As often happens, this documentary about Supreme Court Justice Ruth Bader Ginsburg arrives ahead of a biopic (On the Basis of Sex), where we’ll get to see the same events again as told by the director of Deep Impact.
Through speeches and interviews with Justice Ginsburg, along with her friends, family and colleagues, RBG tells the remarkable story of the judge with the biggest glasses since Dredd.
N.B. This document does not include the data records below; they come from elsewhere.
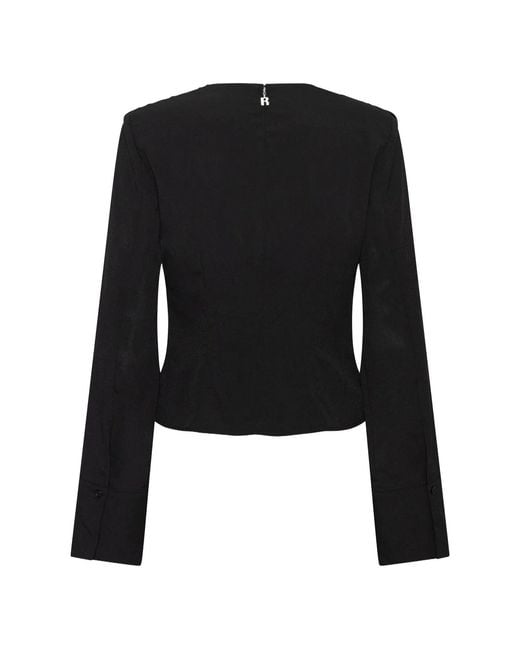 ROTATE BIRGER CHRISTENSEN Black Draped Blouse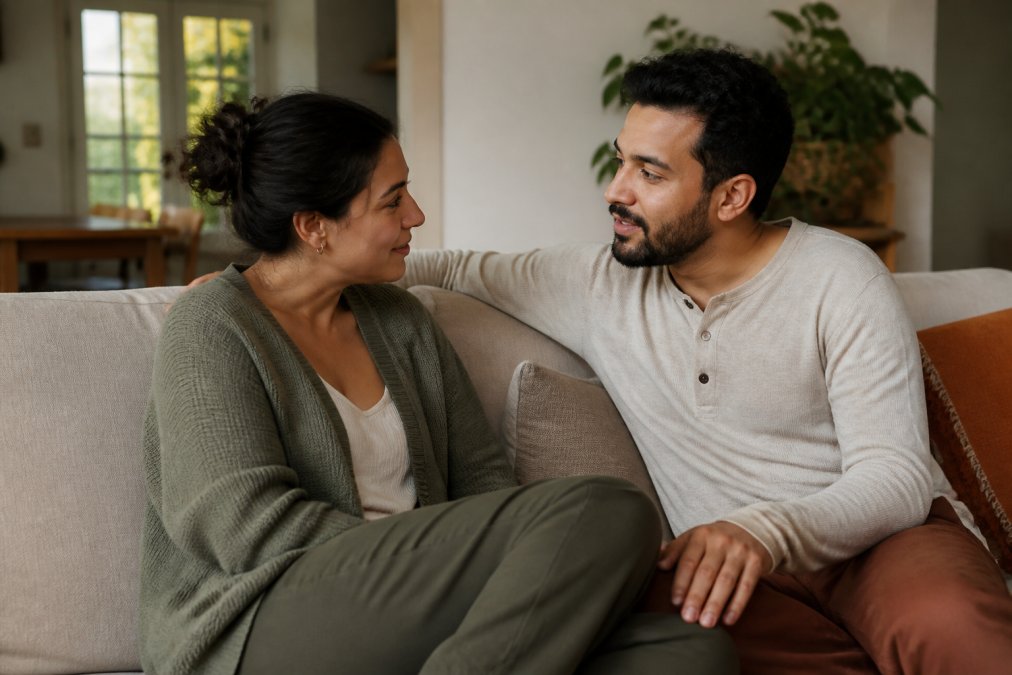 A couple sitting close together on a couch in a calm, warm living room, making eye contact with relaxed body language and genuine connection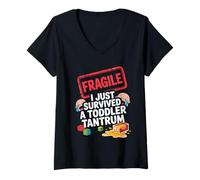 Womens Fragile I Survived a Toddler Tantrum Funny Parent Graphic V-Neck T-Shirt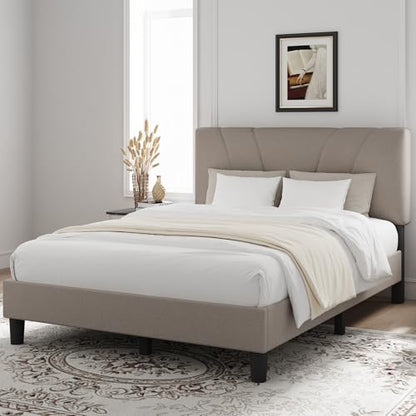 Novilla Queen Bed Frame with Headboard, Bed Frame Queen Size with Wood Slats Support,Linen Upholstered Adjustable Headboard, No Box Spring Needed, Heavy Duty Feet, Easy Assembly, Beige - color: Beige, size: Queen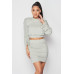 Ruched Long Sleeve And Skirt Set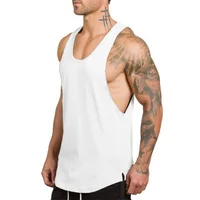 T-Shirt sans manches en coton respirant pour hommes, vêtements d'entraînement de musculation, de course, de Sport, couleur unie, débardeur musculaire 5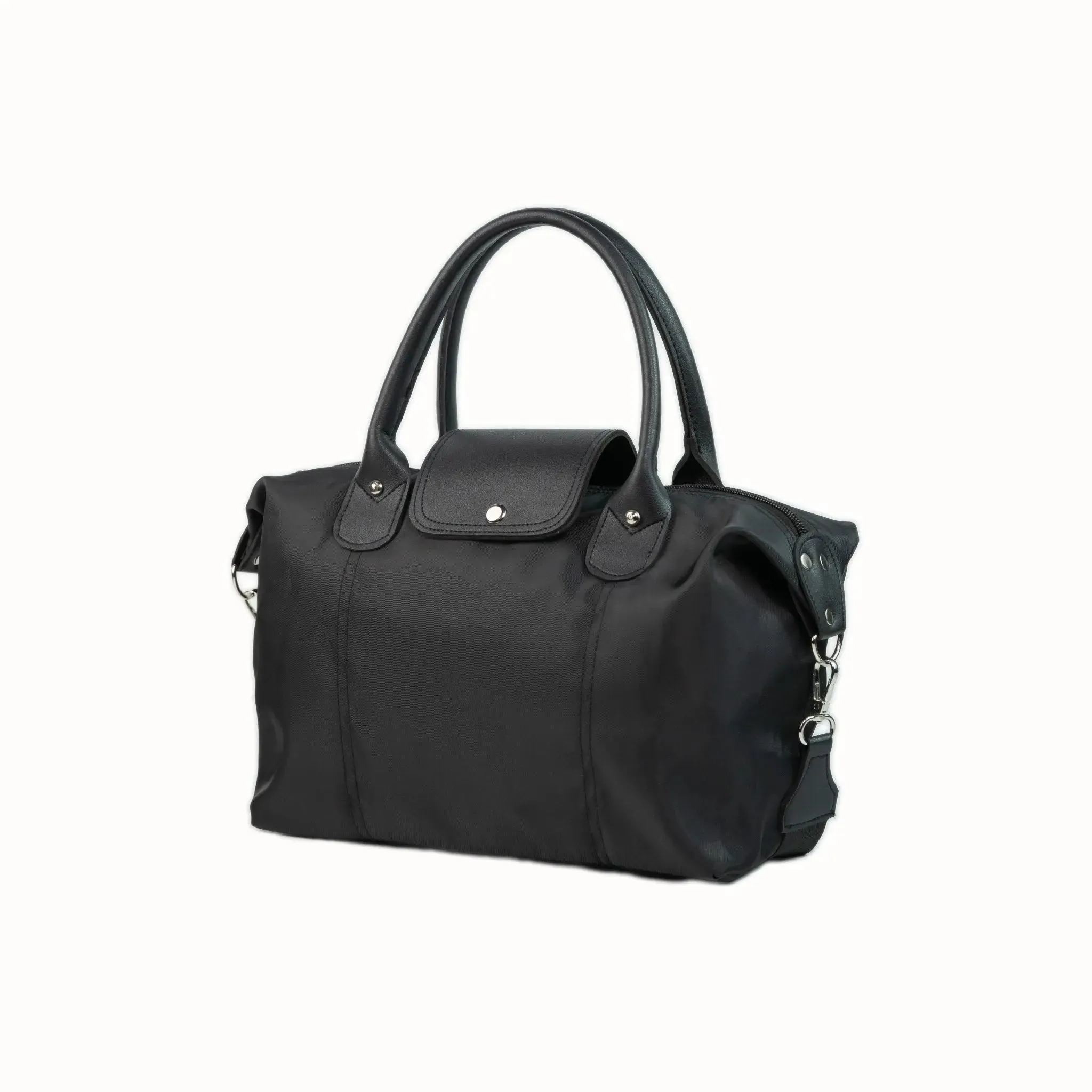 MARTHA Nylon Canvas Tote Bag in Black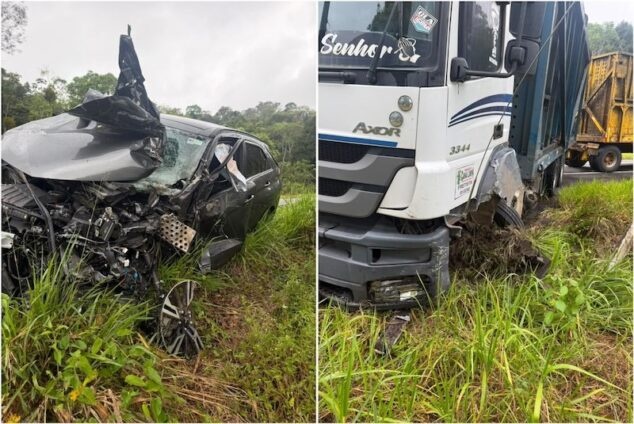 Vice-prefeito de Itagibá fica ferido após colisão com carreta na BR-101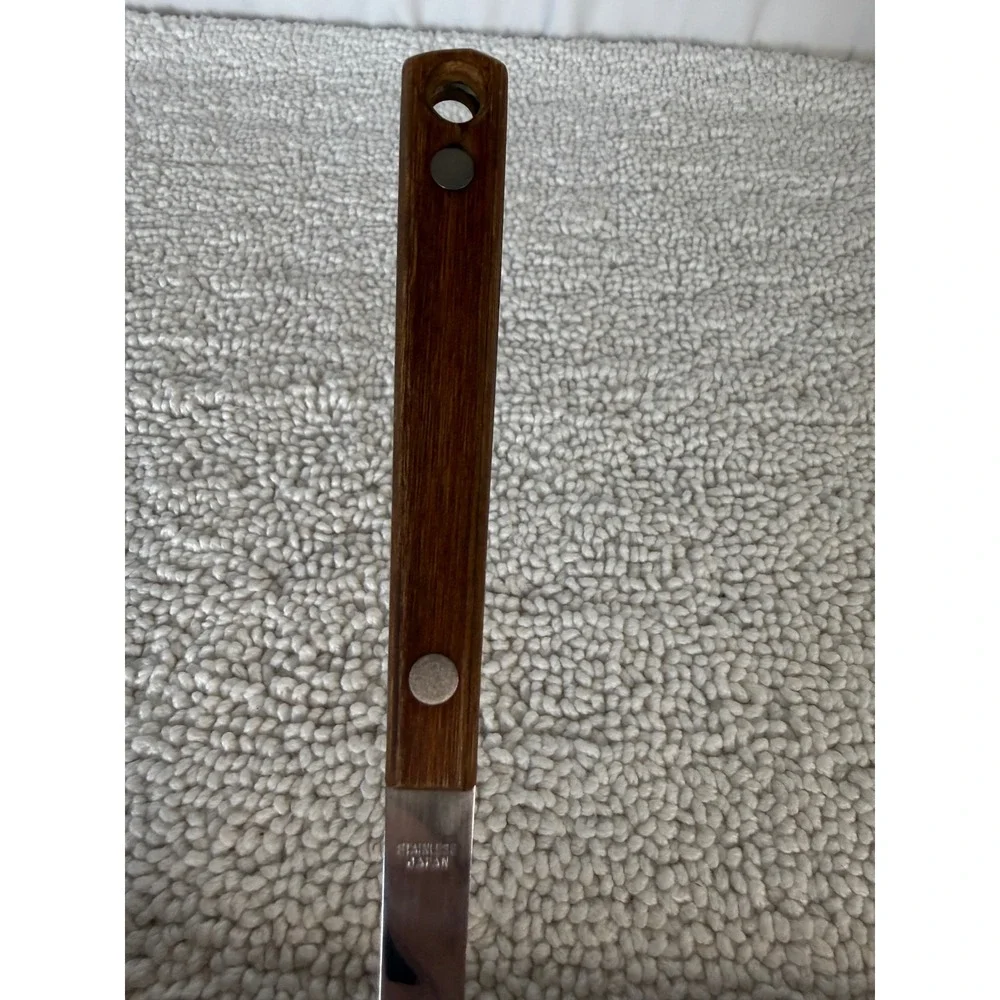 Vintage Stainless Steel Carving Fork Wood‎ Handle Japan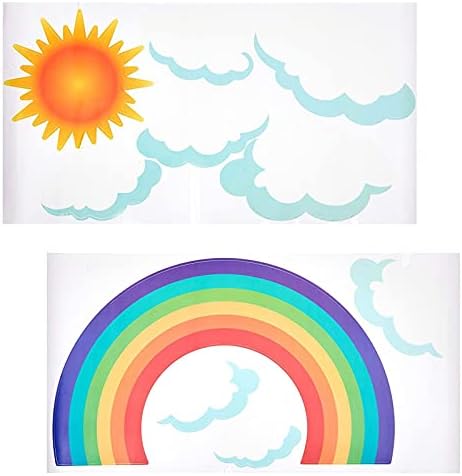 Преливащи се цветове стикери за стена за детски стаи (23,6 x 12,6 инча, 2 листа)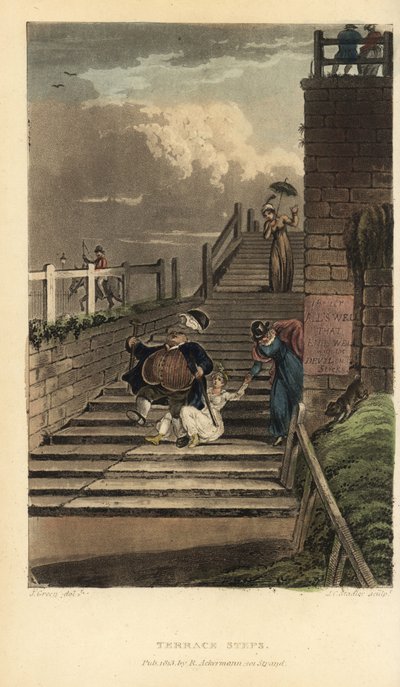 Passos de Terraço: turistas descem as escadas do Cliff Terrace. Gravura em chapa de cobre colorida à mão por Thomas Rowlandson, aquatint por J.C. Stadler, depois de um esboço de J. Green do Poetical Sketches de Scarborough, Ackermann, Londres de Thomas Rowlandson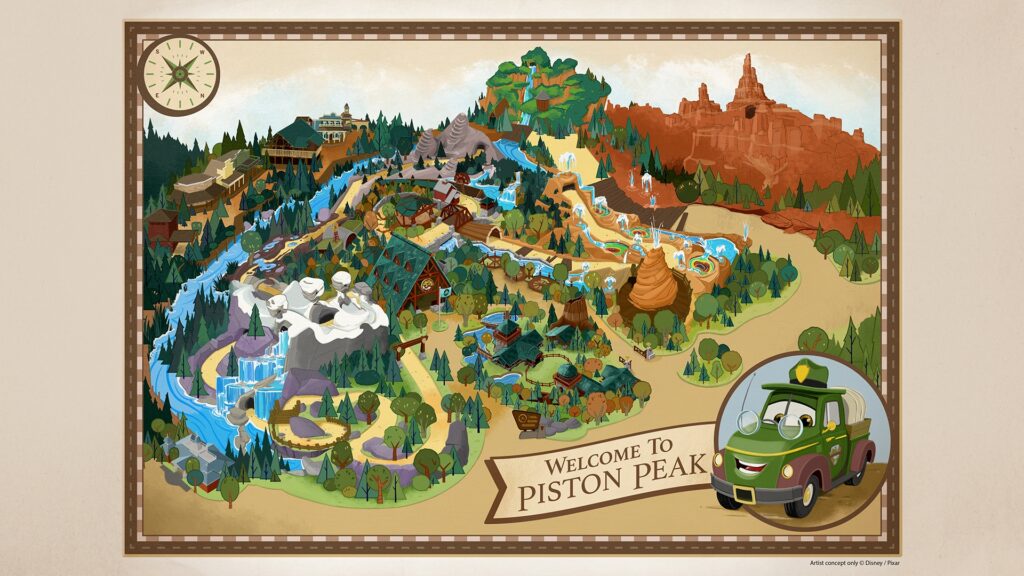 Mapa da nova área dedicada a "Carros", no Magic Kingdom.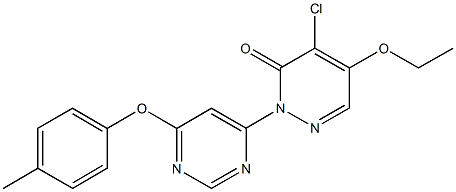 4-chloro-5-ethoxy-2-[6-(4-methylphenoxy)-4-pyrimidinyl]-3(2H)-pyridazinone Struktur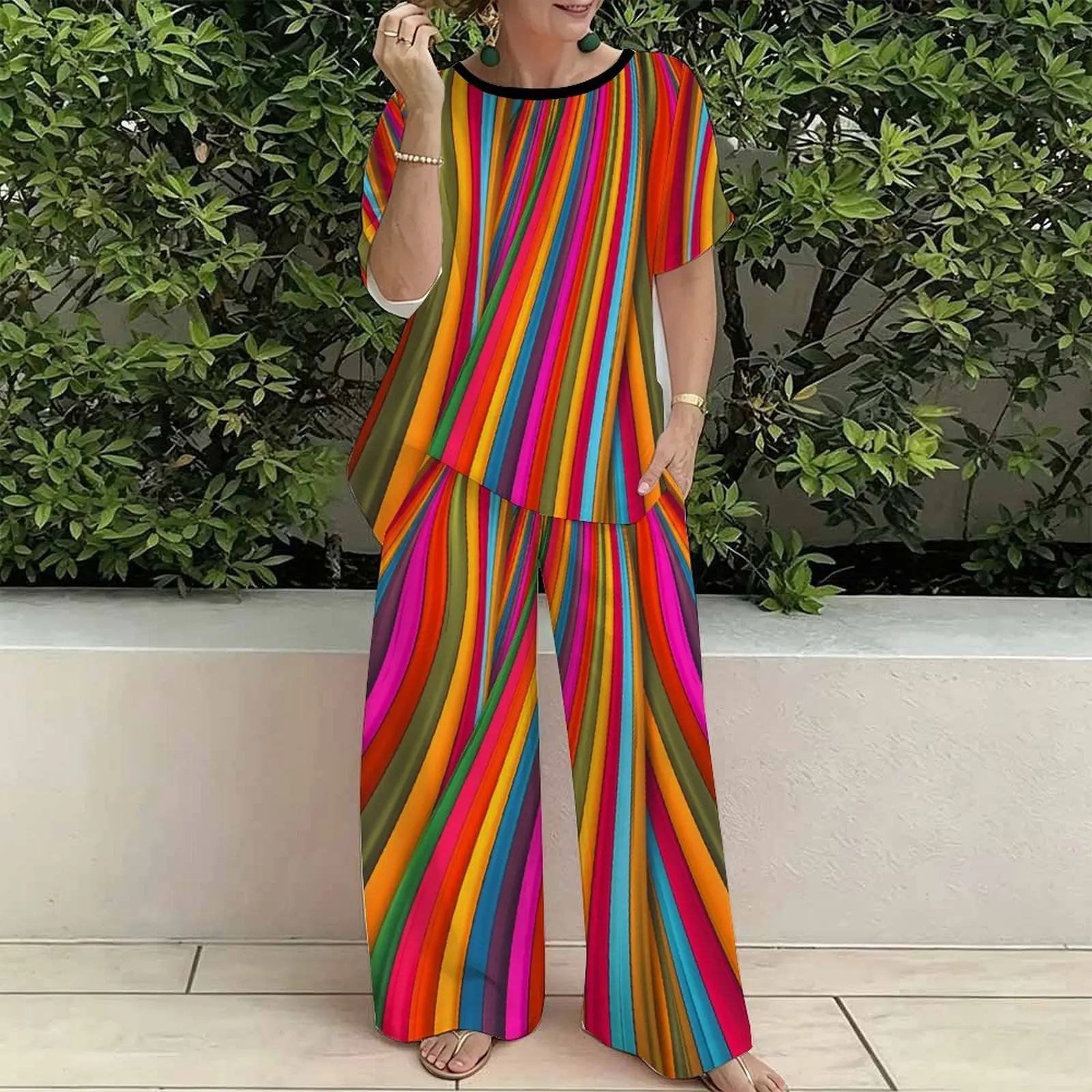 Plus Size Women Spring/summer Print Two Piece Set Street Vacation  Short Sleeved Fashion Retro Tops Everyday  Casual Long Pants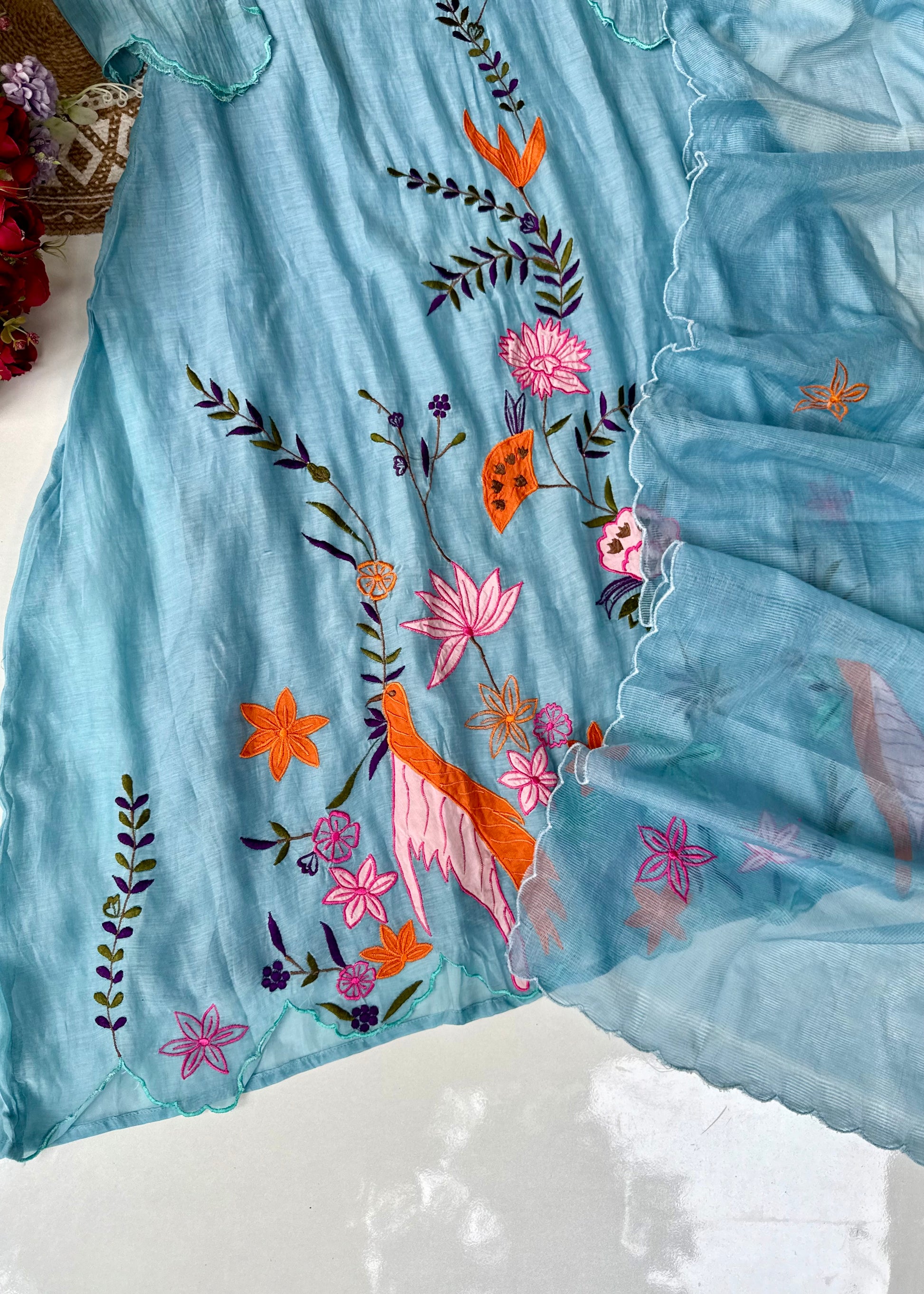 “Pranavi” Beautiful Mul Chanderi A line Anarkali Kurta Set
A great legal mind and fearless defender of the marginalised, the Notorious RBG (named after fellow Brooklyn-born feminist scholar Biggie Smalls) graduated Harvard Law School in the 1950s as one of 9 women in a class of 500 men, all while caring for her sick husband, raising a child and subsisting on 2 hours sleep; a very different college experience to that of Brett Kavanaugh, who daren’t go by his initials lest he be mistaken for a Burger King.
A lovely celebration of a trailblazing icon, the film offers little in the way of criticism (other than her ill-advised public condemnation of Donald Trump and terrible cooking skills) but there doesn’t appear to be much to criticise. One needs to be pretty flawless to succeed in Washington as anything other than a rich white man, and the diminutive RBG has never been anything less than headstrong and diligent to the point of having to be physically dragged home from work by her husband Marty. Incidentally it’s nice to see a movie where it’s the man supporting his wife’s career for once.
After her appointment to the Supreme Court (where as a lawyer she’d already made a Deep Impact on gender equality, having won a number of discrimination cases) Justice Ginsberg became a sole dissenting voice as the political make-up of the Court shifted to the right, making her continued service as admirable and crucial now as ever. We see the astonishing 85-year-old working out, laughing at Kate McKinnon’s impression of her on SNL and even appearing in an opera. Directors Betsy West and Julie Cohen have put together an inspiring profile of a woman who, unlike her impressive collection of collars, never seems to be ruffled.